The Cube runs 2.5 watts per speaker, for a total of 5 watts. The AC 33 has 15 watts per, for a total of 30 watts. (This is plugged into external power; the batteries deliver a bit less on the 33, around 20 watts.)
Still not gonna peel the paint off the walls, but the new one has four-to-six times more wattage than the old one, depending, and is smaller and lighter weight.
What's not to like?
So, the ukulele songs upon which I am working this month:
Here Comes the Sun
Dock of the Bay
Stand By Me
In My Life
Let It Be
Down by the Water
Sultans of Swing
The goal here is to be able to play these from memory, chords and vocals, and to try and learn some kind of lead picking for instrumental breaks. (Except for "Here Comes the Sun," which is an instrumental sans vocals. And the solo on "Sultans" is going reeeally s-l-o-w.)
If it is like the previous two camps, it will fill up fairly fast, so if you are thinking about it, put a reminder on your calendar for early October.
I won't be going this round, but I did enjoy it last time, the experience about which I wrote at some length in my short book on the ukulele.
For those interested:
Saturday, September 06, 2014
Kay - concept art by Ubin Li
Johnson's version: "Read over your compositions, and wherever you meet with a passage which you think is particularly fine, strike it out."
Faulkner supposedly said, "You must kill all your darlings."
What this means is, don't fall in love with your prose to the detriment of your story. While you toss out what you think are clever lines hither and yon, you are apt to be so pleased with yourself that you lose the more important thing: The tale itself.
Not to say you can't make it sparkle as best you can, only that reaching for a particularly smart simile might do your piece more harm than good because it will stick out, go clunk, or howl at the moon in such a way as to take your reader out of the story.
That is one of the cardinal no-no's, taking your reader out of the story.
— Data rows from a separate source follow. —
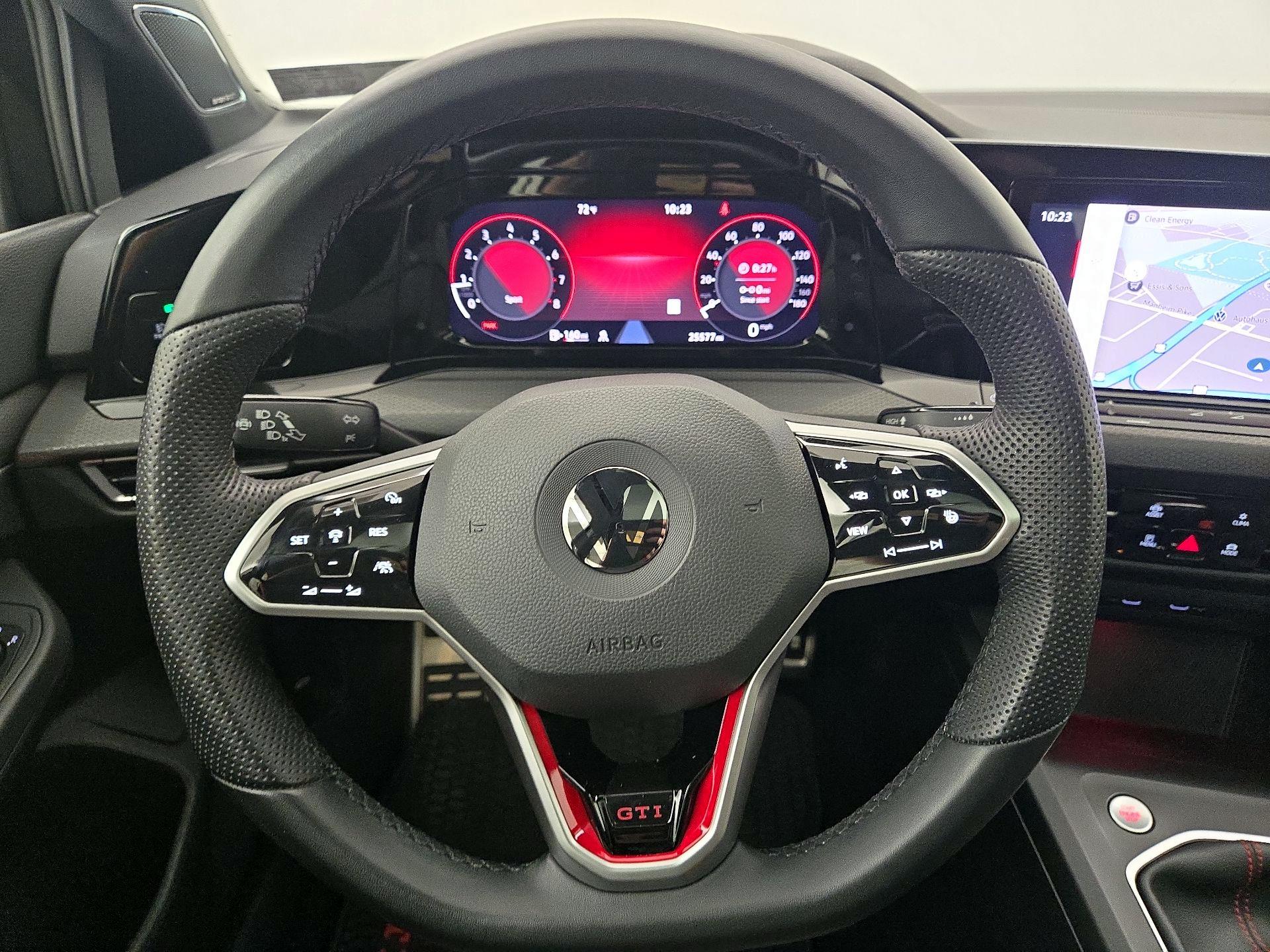 Thumbnail: 2022 Volkswagen Golf - 10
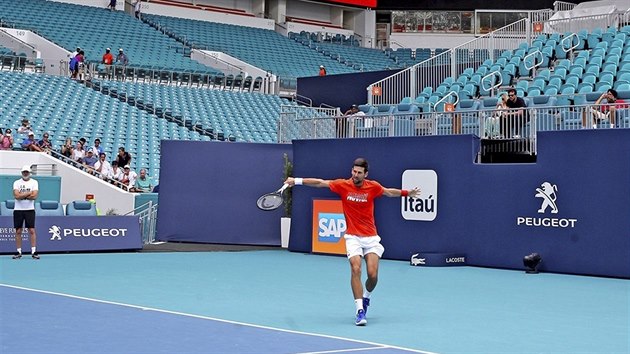 Novak Djokovi pi trninku na Hard Rock Stadium v Miami.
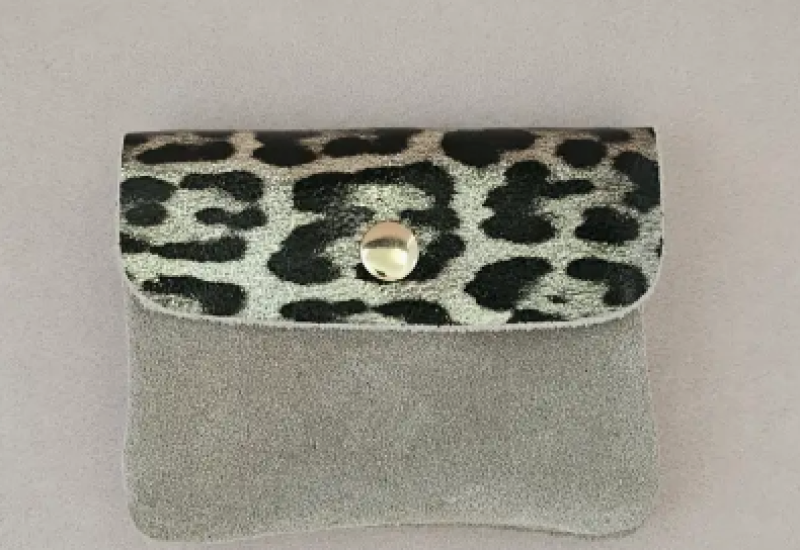 Porte monnaie kangoobi leopard gris argente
Never give them a chance to stop and look at how you have constructed your vehicle when they are supposed to be enjoying the ride ...
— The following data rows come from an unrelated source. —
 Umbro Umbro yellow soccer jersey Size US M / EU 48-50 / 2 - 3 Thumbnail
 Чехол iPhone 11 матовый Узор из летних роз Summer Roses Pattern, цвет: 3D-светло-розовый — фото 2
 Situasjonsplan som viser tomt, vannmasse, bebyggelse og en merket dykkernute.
So I'm going through the galleys for Tejano, and I came across one of these darlings I missed. It's a good line, if I do say so myself, and at this stage, I won't take it out. One is allowed to correct typos or obvious errors, but not to edit in galleys. This isn't really necessary in the same way it used to be. Goes back to the days when type was set and it was a bitch to change unless absolutely necessary.
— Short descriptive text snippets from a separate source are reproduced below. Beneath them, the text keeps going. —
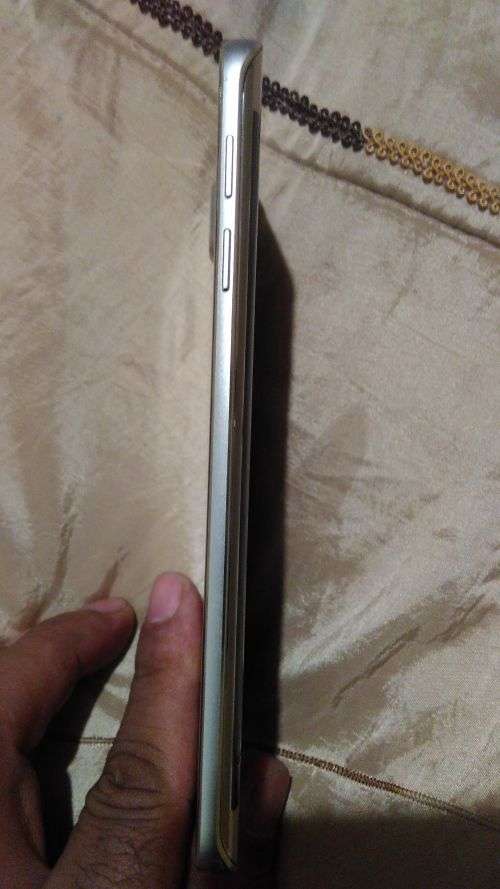 SAMSUNG GALAXY S6 64GB EDGE,PLATINUM GOLD,FULL BOX, AND MYSTERY GIFT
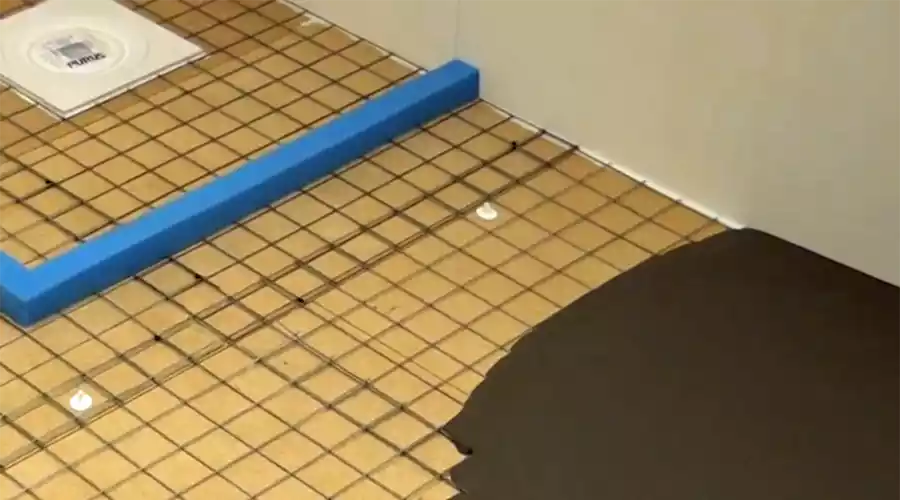 Plan flytspackning på spånskiva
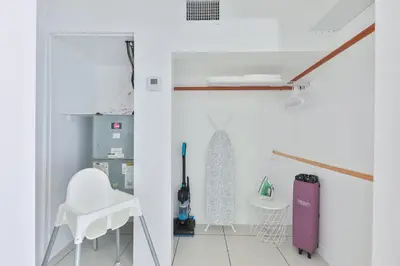 a white room with a white chair and a table at Family Casa Tranquila de 4 dormitorios in Hollywood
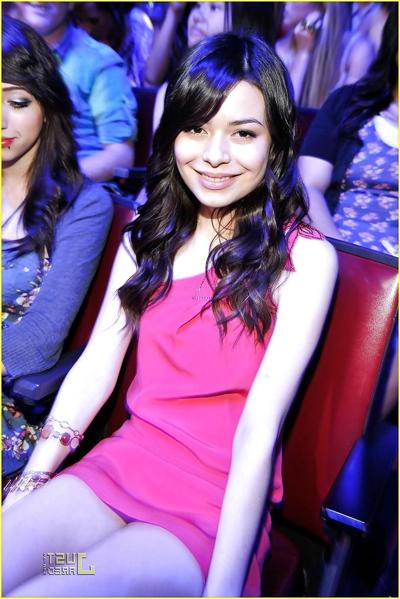 12P Icarly Girls – Miranda Cosgrove & Jennette Mccurdy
I'll set it up: Two of my characters, Jo and Kay, are meeting with an officer on the opposite side of an upcoming conflict. Jo's viewpoint. The officer isn't happy with the way the conversation is going and he gets pushy, to the point of an aggressive step in her direction. Jo isn't worried, she can deck him and will if need be. And the line:
"Kay came up like hot smoke on a cold winter’s day."
At which point the guy, realizing he's way overmatched, backs off.
How do I know I should have taken it out? It made me smile and nod when I came across it. Nice line, Steve ...
Might make somebody else stop and think that, and much as I like being admired as a prose smith, being admired as a storyteller is better.